One of the most popular and successful New Zealand artists of the late nineteenth century, John Gully arrived in Taranaki in 1852. After unsuccessful attempts at farming and shopkeeping in the province, Gully was evacuated to Nelson with other settlers following the outbreak of hostilities with Taranaki iwi in 1860. It was there, first as drawing master at Nelson College and then as a draughtsman in the provincial survey office, that his artistic career took off.
This paintings comes from the latter part of Gully’s career when, after retiring from surveying in 1877, he was able to dedicate himself to his art and search out suitable subject matter. It was a period in which areas of New Zealand were opening up to travel, and it coincided with the emergence of an arts infrastructure — Gully had been a foundation member of the Otago Art Society in 1875. Both were vital factors in his success.
In Gully's painting In the Southern Alps a lone rider makes his way along a ridge into the mountains and an oncoming storm, his tiny form contrasted with the vastness which surrounds him. While such manifestations of the sublime are late echoes of those found in the works of JMW Turner, Gully’s watercolours might not have induced feelings of terror before nature in their viewers. Indeed, colonial audiences were just as likely to feel a swelling of patriotic pride when presented with views of the landscapes over which they could now claim possession.

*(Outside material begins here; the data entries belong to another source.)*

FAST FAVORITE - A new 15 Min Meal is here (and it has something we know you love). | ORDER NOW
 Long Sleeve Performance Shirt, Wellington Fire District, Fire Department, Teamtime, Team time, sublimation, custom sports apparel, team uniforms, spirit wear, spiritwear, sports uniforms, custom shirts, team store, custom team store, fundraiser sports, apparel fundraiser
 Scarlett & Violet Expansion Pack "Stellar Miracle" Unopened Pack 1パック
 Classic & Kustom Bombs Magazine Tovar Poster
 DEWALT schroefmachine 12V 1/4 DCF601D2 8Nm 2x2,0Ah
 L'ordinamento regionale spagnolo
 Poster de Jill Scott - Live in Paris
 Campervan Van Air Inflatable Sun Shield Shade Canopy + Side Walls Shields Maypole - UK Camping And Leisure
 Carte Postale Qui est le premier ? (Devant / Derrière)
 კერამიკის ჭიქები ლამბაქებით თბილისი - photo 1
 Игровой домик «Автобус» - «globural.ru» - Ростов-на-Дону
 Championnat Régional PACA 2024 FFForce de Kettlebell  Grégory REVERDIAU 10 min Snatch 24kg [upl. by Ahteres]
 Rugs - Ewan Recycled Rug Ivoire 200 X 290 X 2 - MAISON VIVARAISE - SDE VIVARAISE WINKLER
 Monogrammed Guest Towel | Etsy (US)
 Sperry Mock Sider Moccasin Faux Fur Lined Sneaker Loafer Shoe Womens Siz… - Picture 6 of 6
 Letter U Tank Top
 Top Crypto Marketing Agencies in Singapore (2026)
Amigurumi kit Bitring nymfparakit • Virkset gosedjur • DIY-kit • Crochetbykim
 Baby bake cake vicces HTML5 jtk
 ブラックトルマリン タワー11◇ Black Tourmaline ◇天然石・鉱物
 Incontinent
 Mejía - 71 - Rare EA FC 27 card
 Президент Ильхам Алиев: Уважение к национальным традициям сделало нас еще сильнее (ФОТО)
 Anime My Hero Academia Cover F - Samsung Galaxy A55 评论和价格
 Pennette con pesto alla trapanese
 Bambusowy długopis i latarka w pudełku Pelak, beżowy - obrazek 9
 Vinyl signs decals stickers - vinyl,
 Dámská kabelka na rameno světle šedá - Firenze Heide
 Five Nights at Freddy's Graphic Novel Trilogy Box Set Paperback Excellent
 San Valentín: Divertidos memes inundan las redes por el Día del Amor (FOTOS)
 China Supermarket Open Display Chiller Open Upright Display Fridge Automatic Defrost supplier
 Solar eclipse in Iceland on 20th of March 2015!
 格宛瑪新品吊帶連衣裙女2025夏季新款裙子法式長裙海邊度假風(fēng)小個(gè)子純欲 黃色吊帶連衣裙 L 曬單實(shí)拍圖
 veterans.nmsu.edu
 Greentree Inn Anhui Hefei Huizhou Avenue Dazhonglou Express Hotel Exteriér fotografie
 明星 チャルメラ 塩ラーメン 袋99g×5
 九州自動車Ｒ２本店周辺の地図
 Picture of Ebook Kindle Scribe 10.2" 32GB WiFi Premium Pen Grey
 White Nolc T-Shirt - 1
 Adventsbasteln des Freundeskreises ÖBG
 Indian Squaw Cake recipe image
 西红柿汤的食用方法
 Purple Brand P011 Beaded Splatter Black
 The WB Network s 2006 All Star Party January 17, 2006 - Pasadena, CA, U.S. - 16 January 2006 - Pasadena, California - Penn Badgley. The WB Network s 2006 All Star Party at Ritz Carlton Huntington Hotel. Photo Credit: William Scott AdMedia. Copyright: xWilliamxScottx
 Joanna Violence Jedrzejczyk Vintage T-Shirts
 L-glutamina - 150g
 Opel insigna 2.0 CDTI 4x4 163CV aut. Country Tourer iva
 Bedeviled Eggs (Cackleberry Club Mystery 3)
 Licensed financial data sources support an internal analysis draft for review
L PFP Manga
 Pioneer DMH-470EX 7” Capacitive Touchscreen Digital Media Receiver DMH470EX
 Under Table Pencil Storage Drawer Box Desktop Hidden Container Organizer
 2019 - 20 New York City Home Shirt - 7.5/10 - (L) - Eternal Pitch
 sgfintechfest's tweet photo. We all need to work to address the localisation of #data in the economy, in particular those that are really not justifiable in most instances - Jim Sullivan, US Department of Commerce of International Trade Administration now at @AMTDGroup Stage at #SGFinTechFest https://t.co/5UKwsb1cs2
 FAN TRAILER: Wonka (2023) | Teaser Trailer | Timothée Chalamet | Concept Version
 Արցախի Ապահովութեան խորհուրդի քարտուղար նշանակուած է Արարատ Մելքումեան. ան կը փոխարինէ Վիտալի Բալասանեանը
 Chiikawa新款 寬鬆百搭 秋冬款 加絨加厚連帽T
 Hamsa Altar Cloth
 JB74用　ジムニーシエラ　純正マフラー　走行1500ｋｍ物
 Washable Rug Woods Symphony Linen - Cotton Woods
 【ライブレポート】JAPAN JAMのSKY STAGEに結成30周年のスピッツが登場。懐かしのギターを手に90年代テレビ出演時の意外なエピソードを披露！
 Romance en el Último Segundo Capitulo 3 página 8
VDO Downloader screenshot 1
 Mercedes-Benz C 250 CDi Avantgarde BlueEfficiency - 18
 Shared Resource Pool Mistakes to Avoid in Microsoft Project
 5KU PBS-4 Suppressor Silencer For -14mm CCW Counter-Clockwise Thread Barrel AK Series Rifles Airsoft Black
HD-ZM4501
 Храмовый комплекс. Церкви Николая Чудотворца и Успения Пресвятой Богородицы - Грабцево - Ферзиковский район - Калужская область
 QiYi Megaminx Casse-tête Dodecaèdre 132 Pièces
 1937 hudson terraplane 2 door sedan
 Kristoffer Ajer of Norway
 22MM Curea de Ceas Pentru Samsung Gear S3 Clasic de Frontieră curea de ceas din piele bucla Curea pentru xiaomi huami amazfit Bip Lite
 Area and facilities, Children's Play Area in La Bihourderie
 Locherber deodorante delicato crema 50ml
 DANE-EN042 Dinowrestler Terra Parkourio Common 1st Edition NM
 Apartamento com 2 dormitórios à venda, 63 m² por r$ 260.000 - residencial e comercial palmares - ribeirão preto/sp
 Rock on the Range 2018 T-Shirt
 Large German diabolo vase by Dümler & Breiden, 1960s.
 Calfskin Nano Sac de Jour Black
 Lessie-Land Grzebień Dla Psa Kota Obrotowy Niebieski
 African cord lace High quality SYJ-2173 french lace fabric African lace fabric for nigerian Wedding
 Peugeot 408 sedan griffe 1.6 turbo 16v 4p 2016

Gully’s approach to landscape was underpinned by a remarkable facility with his chosen medium. He worked by establishing his atmospheric back grounds through the application of broad, wet washes, and then built up detail in the foregrounds. These would become dense with pigment and vigorous brushwork, and even scraping and scouring of the paper. If such an approach passed from artistic fashion in New Zealand soon after his death, Gully’s public popularity has endured.